MATERIAL PROVIDED -
= = = = =

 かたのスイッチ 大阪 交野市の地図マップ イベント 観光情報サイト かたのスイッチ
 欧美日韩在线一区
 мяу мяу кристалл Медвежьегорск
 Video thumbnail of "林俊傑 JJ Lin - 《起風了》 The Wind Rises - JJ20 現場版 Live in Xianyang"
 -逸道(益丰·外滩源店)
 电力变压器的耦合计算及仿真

= = = = =

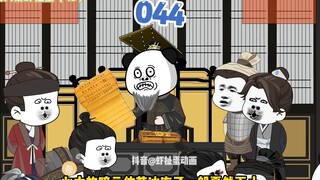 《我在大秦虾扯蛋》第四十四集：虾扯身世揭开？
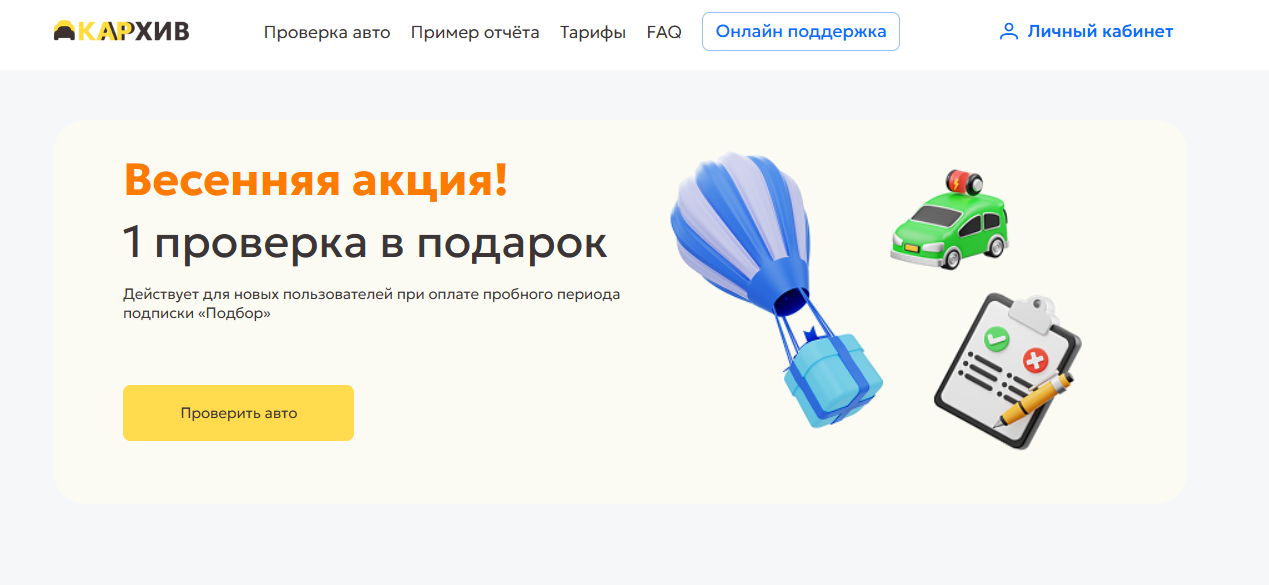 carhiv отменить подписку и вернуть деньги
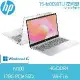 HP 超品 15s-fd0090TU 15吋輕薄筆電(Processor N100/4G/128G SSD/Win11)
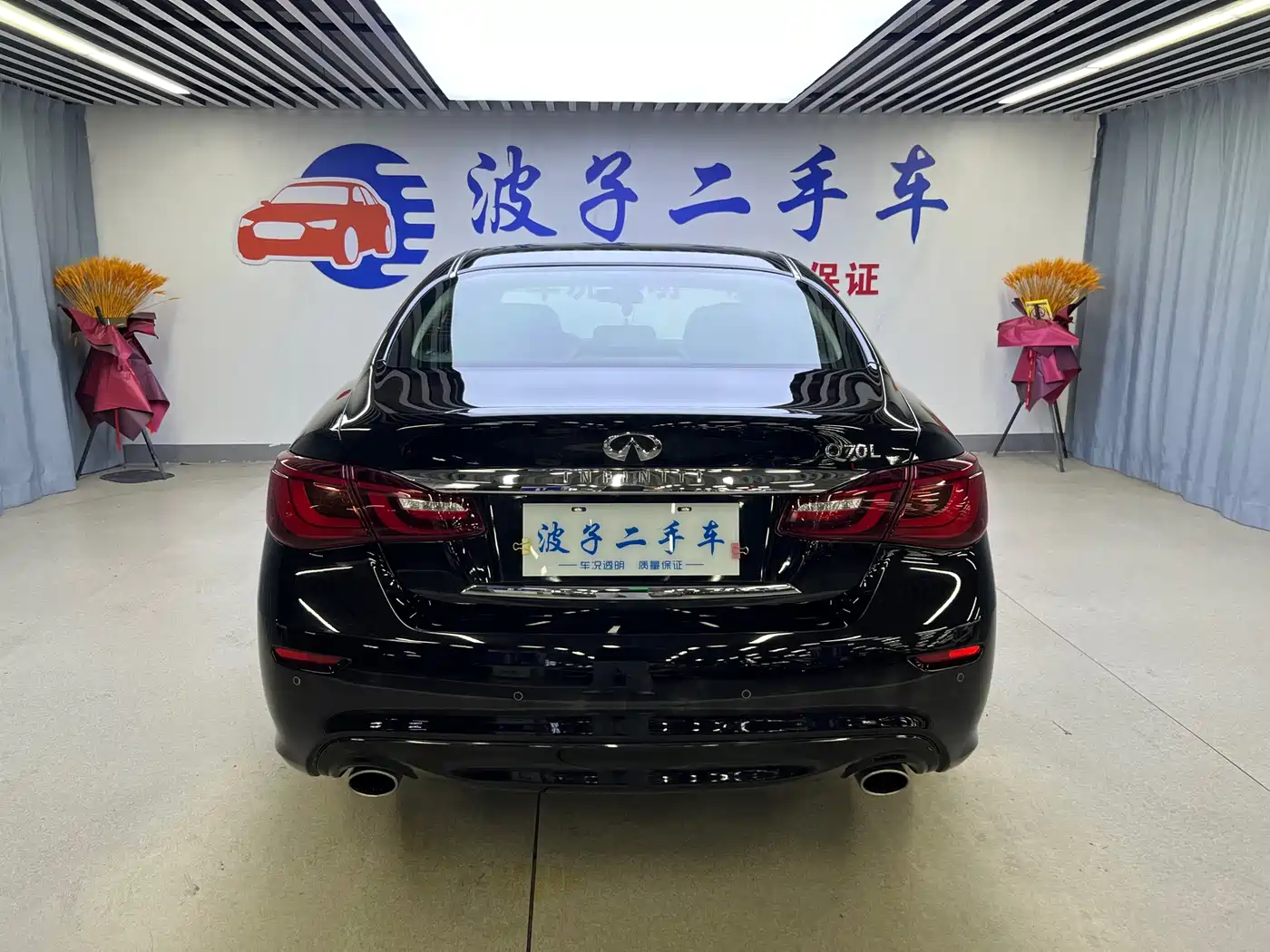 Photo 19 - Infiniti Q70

= = = = =

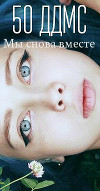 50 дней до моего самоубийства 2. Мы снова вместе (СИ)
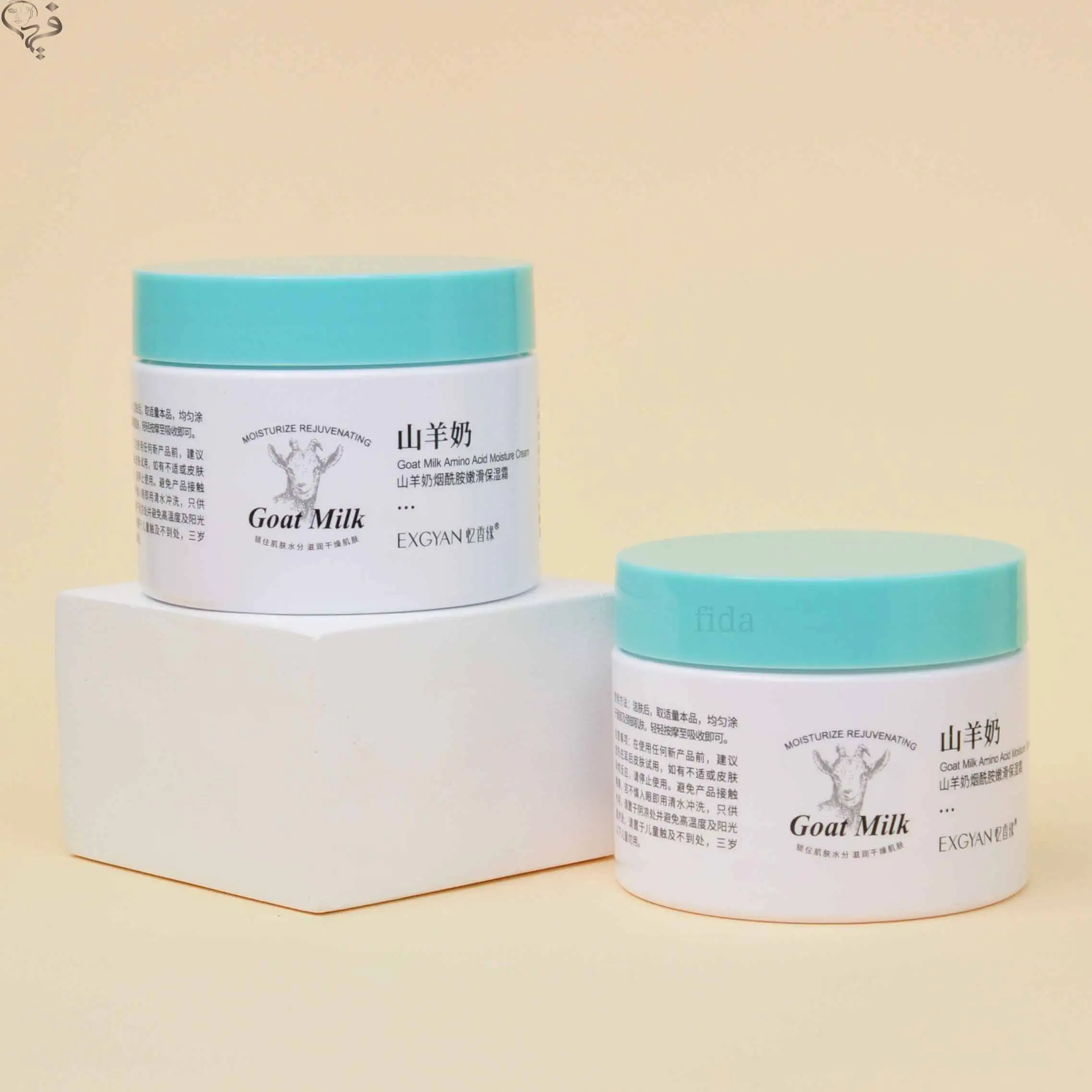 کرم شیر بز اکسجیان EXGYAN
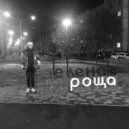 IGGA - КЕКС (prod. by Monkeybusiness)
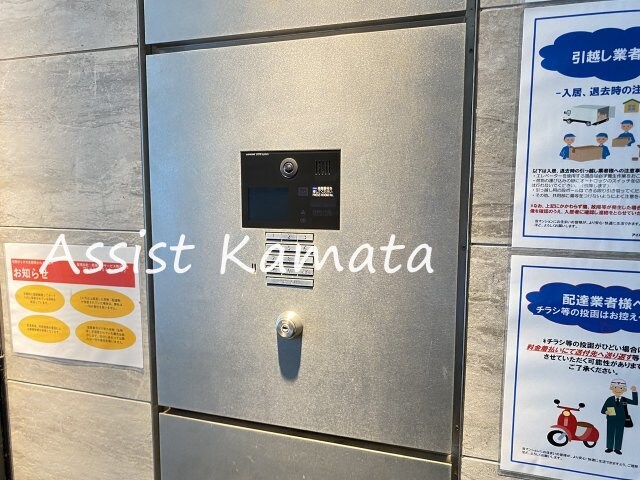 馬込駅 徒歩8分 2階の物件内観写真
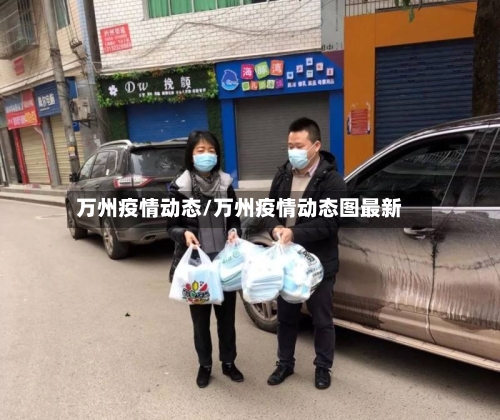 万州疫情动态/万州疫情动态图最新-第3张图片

= = = = =

ACTION ITEM -
All that should appear in the answer is the lines above from the line with "carhiv отменить подписку и вернуть деньги" through the line with "Photo 19 - Infiniti Q70", retyped exactly, pictures left out.

THE COMPLETED TASK -
 carhiv отменить подписку и вернуть деньги
 HP 超品 15s-fd0090TU 15吋輕薄筆電(Processor N100/4G/128G SSD/Win11)
 Photo 19 - Infiniti Q70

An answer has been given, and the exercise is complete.